### [EXERCISE DESCRIPTION]
Print each of the records below, leaving every word as it is.

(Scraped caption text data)
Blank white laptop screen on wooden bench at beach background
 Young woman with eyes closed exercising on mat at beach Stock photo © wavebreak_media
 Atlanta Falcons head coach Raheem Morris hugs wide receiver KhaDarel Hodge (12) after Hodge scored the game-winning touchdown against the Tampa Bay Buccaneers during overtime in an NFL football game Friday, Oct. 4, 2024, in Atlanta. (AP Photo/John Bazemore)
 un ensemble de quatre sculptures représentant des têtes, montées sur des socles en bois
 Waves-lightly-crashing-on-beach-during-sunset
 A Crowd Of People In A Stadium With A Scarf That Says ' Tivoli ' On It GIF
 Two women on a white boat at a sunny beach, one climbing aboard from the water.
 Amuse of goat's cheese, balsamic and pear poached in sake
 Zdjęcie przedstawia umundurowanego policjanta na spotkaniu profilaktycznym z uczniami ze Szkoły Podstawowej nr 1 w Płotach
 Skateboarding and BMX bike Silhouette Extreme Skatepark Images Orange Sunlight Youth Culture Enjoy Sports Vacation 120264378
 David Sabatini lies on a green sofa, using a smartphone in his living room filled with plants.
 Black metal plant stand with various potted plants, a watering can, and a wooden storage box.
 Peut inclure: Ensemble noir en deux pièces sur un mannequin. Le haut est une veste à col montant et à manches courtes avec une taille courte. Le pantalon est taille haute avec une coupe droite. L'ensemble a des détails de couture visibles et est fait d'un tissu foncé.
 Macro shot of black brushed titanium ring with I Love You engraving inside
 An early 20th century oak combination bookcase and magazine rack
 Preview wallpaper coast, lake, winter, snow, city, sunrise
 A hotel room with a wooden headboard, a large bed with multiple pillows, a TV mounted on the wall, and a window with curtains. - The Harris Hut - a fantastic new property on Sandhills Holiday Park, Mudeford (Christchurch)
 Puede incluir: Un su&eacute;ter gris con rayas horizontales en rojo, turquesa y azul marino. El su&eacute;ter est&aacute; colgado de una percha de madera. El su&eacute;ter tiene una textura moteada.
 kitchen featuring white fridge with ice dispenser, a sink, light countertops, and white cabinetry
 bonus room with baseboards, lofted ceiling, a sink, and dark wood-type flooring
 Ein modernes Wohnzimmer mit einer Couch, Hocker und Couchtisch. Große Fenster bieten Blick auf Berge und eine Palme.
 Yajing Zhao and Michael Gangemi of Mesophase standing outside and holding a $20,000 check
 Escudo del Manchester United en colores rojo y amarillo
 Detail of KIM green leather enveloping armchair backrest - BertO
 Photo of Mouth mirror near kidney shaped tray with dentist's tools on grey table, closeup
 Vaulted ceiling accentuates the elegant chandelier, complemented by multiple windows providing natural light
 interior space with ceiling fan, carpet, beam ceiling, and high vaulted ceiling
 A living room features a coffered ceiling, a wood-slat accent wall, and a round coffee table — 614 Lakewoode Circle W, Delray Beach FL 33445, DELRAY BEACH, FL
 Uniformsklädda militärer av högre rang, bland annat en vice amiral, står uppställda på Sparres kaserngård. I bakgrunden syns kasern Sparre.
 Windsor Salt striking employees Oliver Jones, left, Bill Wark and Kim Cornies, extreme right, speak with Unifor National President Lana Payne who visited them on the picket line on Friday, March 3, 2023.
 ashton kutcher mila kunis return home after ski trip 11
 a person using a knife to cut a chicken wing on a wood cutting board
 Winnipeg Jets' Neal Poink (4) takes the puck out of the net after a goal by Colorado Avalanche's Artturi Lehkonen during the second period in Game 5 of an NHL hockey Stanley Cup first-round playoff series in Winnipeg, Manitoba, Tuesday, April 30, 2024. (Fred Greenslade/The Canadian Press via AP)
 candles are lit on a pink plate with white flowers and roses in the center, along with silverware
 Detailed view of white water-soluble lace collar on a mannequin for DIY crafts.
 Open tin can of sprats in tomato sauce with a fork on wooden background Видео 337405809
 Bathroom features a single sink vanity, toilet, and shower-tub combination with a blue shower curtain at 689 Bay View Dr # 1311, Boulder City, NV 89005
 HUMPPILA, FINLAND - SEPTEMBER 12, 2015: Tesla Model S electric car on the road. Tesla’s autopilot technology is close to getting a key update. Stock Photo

### [ANSWER FOR THIS EXERCISE]
Blank white laptop screen on wooden bench at beach background
 Young woman with eyes closed exercising on mat at beach Stock photo © wavebreak_media
 Atlanta Falcons head coach Raheem Morris hugs wide receiver KhaDarel Hodge (12) after Hodge scored the game-winning touchdown against the Tampa Bay Buccaneers during overtime in an NFL football game Friday, Oct. 4, 2024, in Atlanta. (AP Photo/John Bazemore)
 un ensemble de quatre sculptures représentant des têtes, montées sur des socles en bois
 Waves-lightly-crashing-on-beach-during-sunset
 A Crowd Of People In A Stadium With A Scarf That Says ' Tivoli ' On It GIF
 Two women on a white boat at a sunny beach, one climbing aboard from the water.
 Amuse of goat's cheese, balsamic and pear poached in sake
 Zdjęcie przedstawia umundurowanego policjanta na spotkaniu profilaktycznym z uczniami ze Szkoły Podstawowej nr 1 w Płotach
 Skateboarding and BMX bike Silhouette Extreme Skatepark Images Orange Sunlight Youth Culture Enjoy Sports Vacation 120264378
 David Sabatini lies on a green sofa, using a smartphone in his living room filled with plants.
 Black metal plant stand with various potted plants, a watering can, and a wooden storage box.
 Peut inclure: Ensemble noir en deux pièces sur un mannequin. Le haut est une veste à col montant et à manches courtes avec une taille courte. Le pantalon est taille haute avec une coupe droite. L'ensemble a des détails de couture visibles et est fait d'un tissu foncé.
 Macro shot of black brushed titanium ring with I Love You engraving inside
 An early 20th century oak combination bookcase and magazine rack
 Preview wallpaper coast, lake, winter, snow, city, sunrise
 A hotel room with a wooden headboard, a large bed with multiple pillows, a TV mounted on the wall, and a window with curtains. - The Harris Hut - a fantastic new property on Sandhills Holiday Park, Mudeford (Christchurch)
 Puede incluir: Un su&eacute;ter gris con rayas horizontales en rojo, turquesa y azul marino. El su&eacute;ter est&aacute; colgado de una percha de madera. El su&eacute;ter tiene una textura moteada.
 kitchen featuring white fridge with ice dispenser, a sink, light countertops, and white cabinetry
 bonus room with baseboards, lofted ceiling, a sink, and dark wood-type flooring
 Ein modernes Wohnzimmer mit einer Couch, Hocker und Couchtisch. Große Fenster bieten Blick auf Berge und eine Palme.
 Yajing Zhao and Michael Gangemi of Mesophase standing outside and holding a $20,000 check
 Escudo del Manchester United en colores rojo y amarillo
 Detail of KIM green leather enveloping armchair backrest - BertO
 Photo of Mouth mirror near kidney shaped tray with dentist's tools on grey table, closeup
 Vaulted ceiling accentuates the elegant chandelier, complemented by multiple windows providing natural light
 interior space with ceiling fan, carpet, beam ceiling, and high vaulted ceiling
 A living room features a coffered ceiling, a wood-slat accent wall, and a round coffee table — 614 Lakewoode Circle W, Delray Beach FL 33445, DELRAY BEACH, FL
 Uniformsklädda militärer av högre rang, bland annat en vice amiral, står uppställda på Sparres kaserngård. I bakgrunden syns kasern Sparre.
 Windsor Salt striking employees Oliver Jones, left, Bill Wark and Kim Cornies, extreme right, speak with Unifor National President Lana Payne who visited them on the picket line on Friday, March 3, 2023.
 ashton kutcher mila kunis return home after ski trip 11
 a person using a knife to cut a chicken wing on a wood cutting board
 Winnipeg Jets' Neal Poink (4) takes the puck out of the net after a goal by Colorado Avalanche's Artturi Lehkonen during the second period in Game 5 of an NHL hockey Stanley Cup first-round playoff series in Winnipeg, Manitoba, Tuesday, April 30, 2024. (Fred Greenslade/The Canadian Press via AP)
 candles are lit on a pink plate with white flowers and roses in the center, along with silverware
 Detailed view of white water-soluble lace collar on a mannequin for DIY crafts.
 Open tin can of sprats in tomato sauce with a fork on wooden background Видео 337405809
 Bathroom features a single sink vanity, toilet, and shower-tub combination with a blue shower curtain at 689 Bay View Dr # 1311, Boulder City, NV 89005
 HUMPPILA, FINLAND - SEPTEMBER 12, 2015: Tesla Model S electric car on the road. Tesla’s autopilot technology is close to getting a key update. Stock Photo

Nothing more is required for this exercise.